Both . and - are allowed: regression trees can have offset terms.
(...)
Depending on what exactly is stored in your salary variable, the conversion can be less or more tricky, but this should generaly work:
salary = as.numeric(levels(salary))[salary]
EDIT
As pointed out in the comment, the actual error corresponds to the data variable, so if it is a numerical data, it could also be converted to numeric to solve the issue, if it has to be a factor you will need another model or reduce the number of levels. You can also convert these factors to the numerical format by hand (by for example defining as many binary features as you have levels), but this can lead to the exponential growth of your input space.
EDIT2
It seems that you have to first decide what you are trying to model.
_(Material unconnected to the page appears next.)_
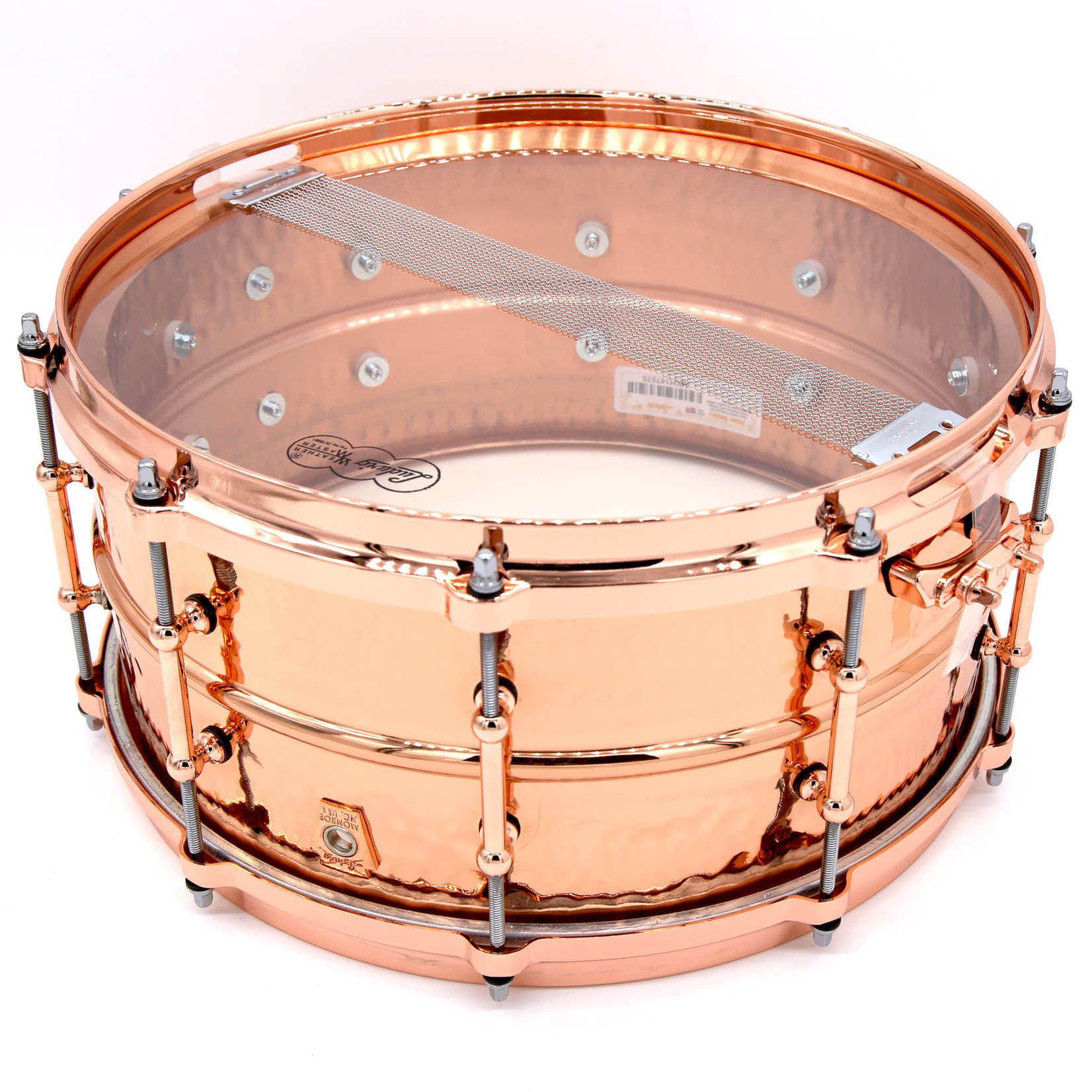 Ludwig Ludwig Copperphonic 6.5x14" Hammered With Tube Lugs And Copper Hardware LC662KTC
You are trying to predict salary, but based on what? It seems that your data consists of players' records, then their names are for sure wrong type of data to use for this prediction (in particular - it is probably causing the 32 levels error). You should remove all the columns from the data variable which should not be used for building a prediction. I do not know what is the exact aim here (as there is no information regarding it in the question), so I can only guess that you are trying to predict the person's salary based on his/her stats, so you should remove from the input data: players' names, players' teams and obviously salaries (as predicting X using X is not a good idea ;)).